[Image-text web data]
■ ■ ■ ■ ■

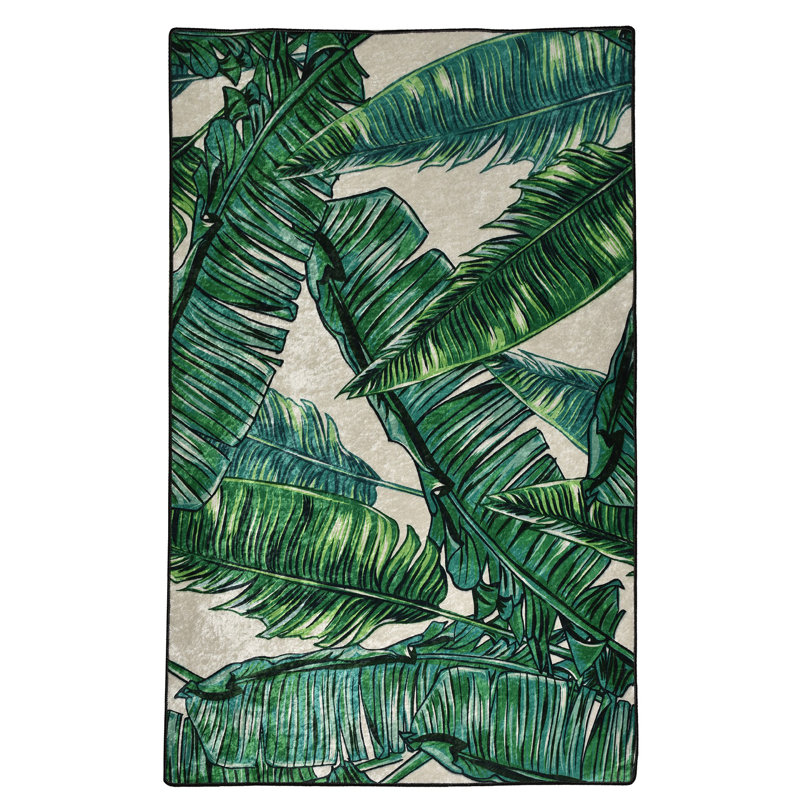 Tapis antibactérien antidérapant 100% polyester, 47,2 po x 70,9 po | Poils de 0,16 po de hauteur, lavable à la machine, base en feutre durable | Parfait pour le salon, la chambre à coucher et la salle à manger | Doux, élégant et facile à entretenir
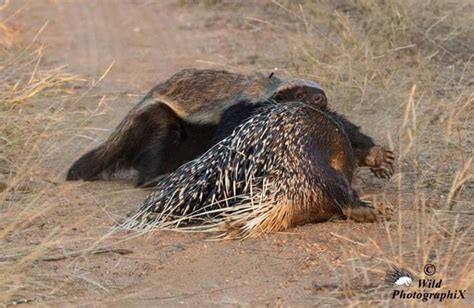 In Photos Honey Badger Feasts On A Porcupine Animal Behaviour
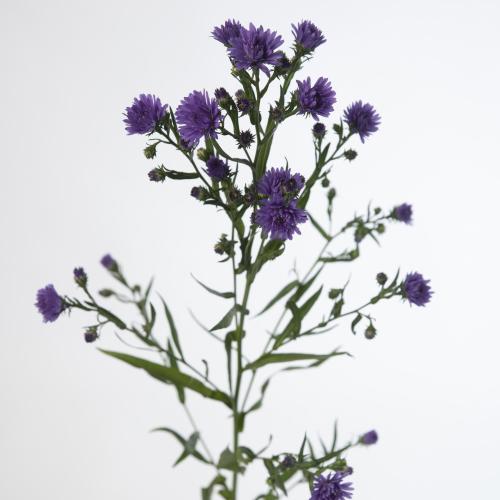 25x Aster teeny tiny blue 80cm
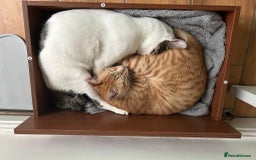 Arabian Mau cats for adoption: Two Bonded Rescue Cats for Adoption Together - Image 2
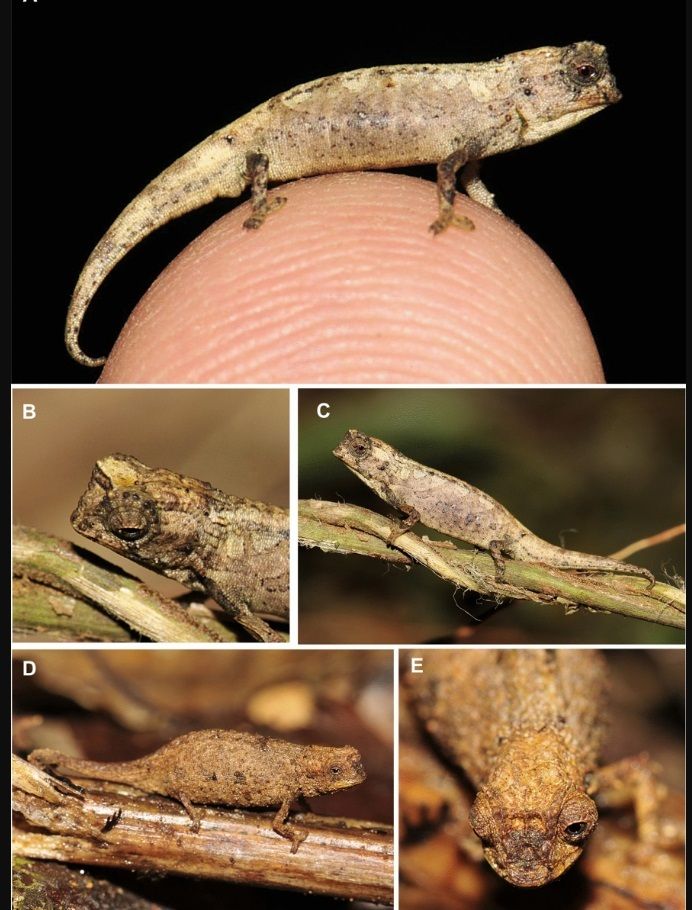 brookesia nana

■ ■ ■ ■ ■

### REQUIRED WORK
Word for word, retype all of the data above, but include no pictures.

### FINAL ANSWER
 Tapis antibactérien antidérapant 100% polyester, 47,2 po x 70,9 po | Poils de 0,16 po de hauteur, lavable à la machine, base en feutre durable | Parfait pour le salon, la chambre à coucher et la salle à manger | Doux, élégant et facile à entretenir
 In Photos Honey Badger Feasts On A Porcupine Animal Behaviour
 25x Aster teeny tiny blue 80cm
 Arabian Mau cats for adoption: Two Bonded Rescue Cats for Adoption Together - Image 2
 brookesia nana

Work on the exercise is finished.